Tales palabras son un modo de ser de todas las palabras, que no se identifica con su impotencia para decir de una vez sino, por un lado, para quedar reducidas a un decir que en modo alguno sea y, por otro, para limitarse a ser sin decir. Pero, en especial, por su potencia de no llegar a ser nunca del todo, su potencia de no poder tan sólo ser, su capacidad de ser como sin ser, que es lo que les permite decir que no son, sin más, lo que dicen y que precisamente eso es lo que dicen.
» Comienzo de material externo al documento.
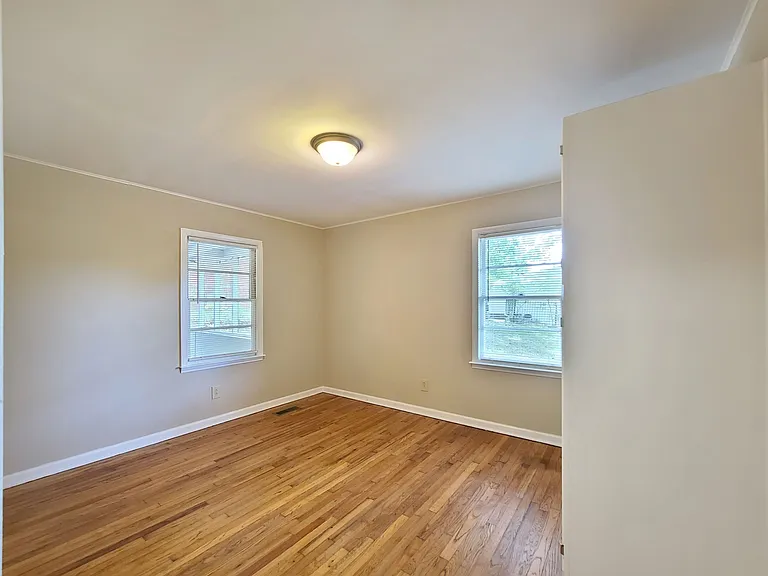 3225 Forrest Hills Dr SW — Photo 35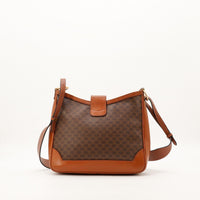 Sac Céline Macadam vue arrière toile et cuir camel occasion authentique — AMANA Vintage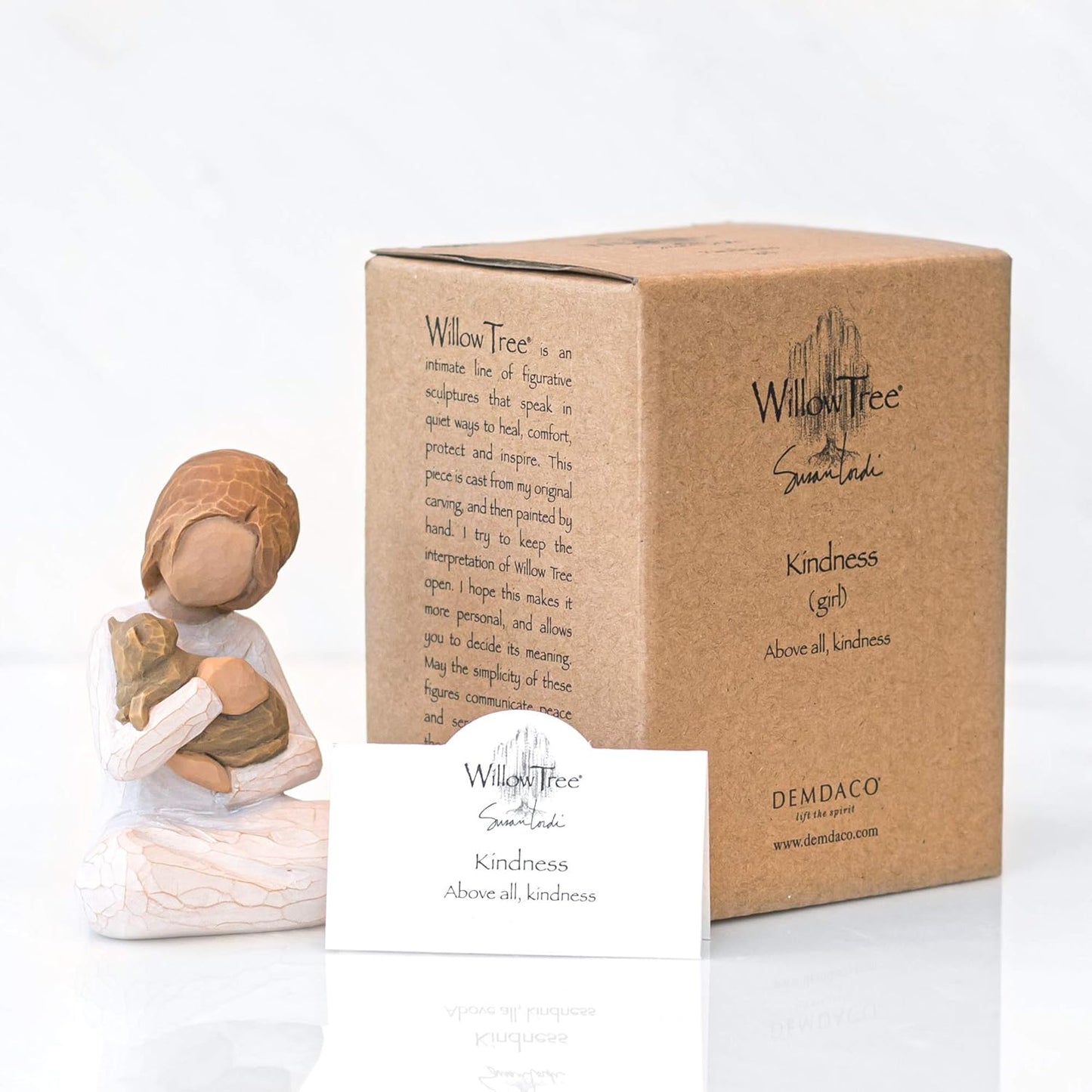 Home Girl Resin Statue Decoration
Angel Gabilondo, Menos que palabras.

Un ronroneo sordo viene de mi regazo, pero no de mi interior.
Úrsula espira y luego vuelve a roncar. Su mano se vuelve flácida en torno a mi polla. Se arrastra sobre mí. Su pelo me cae sobre las piernas. Su oreja suave y cálida se me hunde en el vientre.
A través de la espalda de mi camisa me pica el heno.
Los pollos arañan el polvo y el heno. Las arañas dan vueltas.

Chuck Palahniuk, Asfixia.

Estábamos allí, en el bar, mientras todo sucedía alrededor. Cada uno por sus motivos. Cada cual por sus chines, por sus problemas, por sus basuras, por sus intentos de no perderse en todo este camino. Estamos muertos, pero eso es cierto para todos aun antes de nacer. Mientras tanto, matamos el tiempo como podemos.

A mí me llamaban de cuando en cuando y ya sabía que tendría que irme pronto a otra parte. Sabía que no podía compartir el no hacer nada mucho tiempo más. Y no me sentía mejor por ello, sino todo lo contrario. Yo me hubiera quedado allí chuzándome hasta involucionar como todos, no conscientemente pero sí voluntariamente. Yo hubiera muerto por tu risa, pero tú ya habías muerto por entonces. Ahora me quedaba todo lo demás. Todo esto, amigo mio, sigue sucediendo aunque yo no entienda muy bien cómo.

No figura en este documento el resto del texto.